Segment Start: Data segment

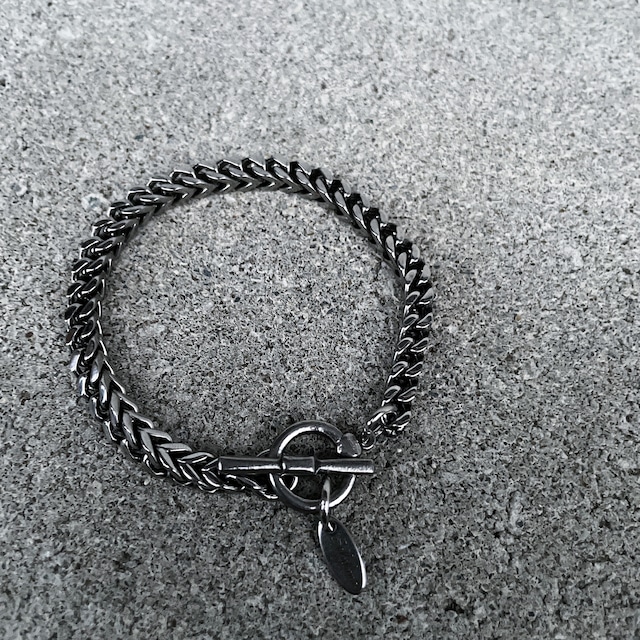 304 stainless cuban chain bracelet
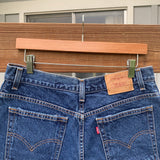 Vintage 1990’s Denim Levi’s Hemmed Shorts 32” 33” #2731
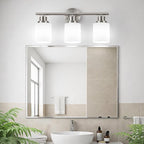 Unicozin 3 Light Bathroom Light Fixtures, Modern Vanity Lights - Image 6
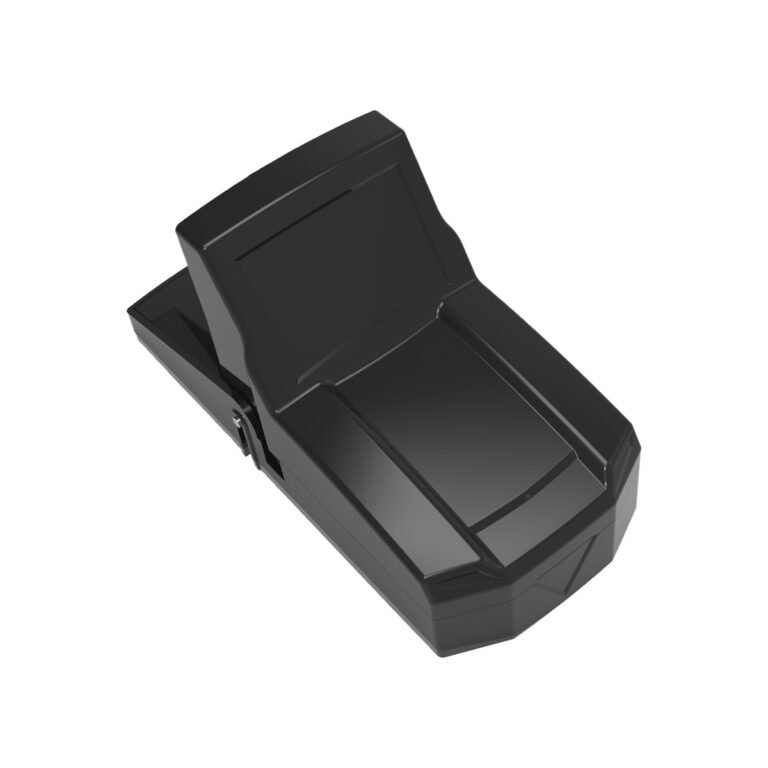 Plastic Rat Snap Trap, model PC-102, bulk packaging view 2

Segment End: Data segment

_What you need to do_
Nothing should be printed except the lines from the one with "Vintage 1990’s Denim" through the last line of the listing above, both ends included; please drop the pictures.

_Response_
 Vintage 1990’s Denim Levi’s Hemmed Shorts 32” 33” #2731
 Unicozin 3 Light Bathroom Light Fixtures, Modern Vanity Lights - Image 6
 Plastic Rat Snap Trap, model PC-102, bulk packaging view 2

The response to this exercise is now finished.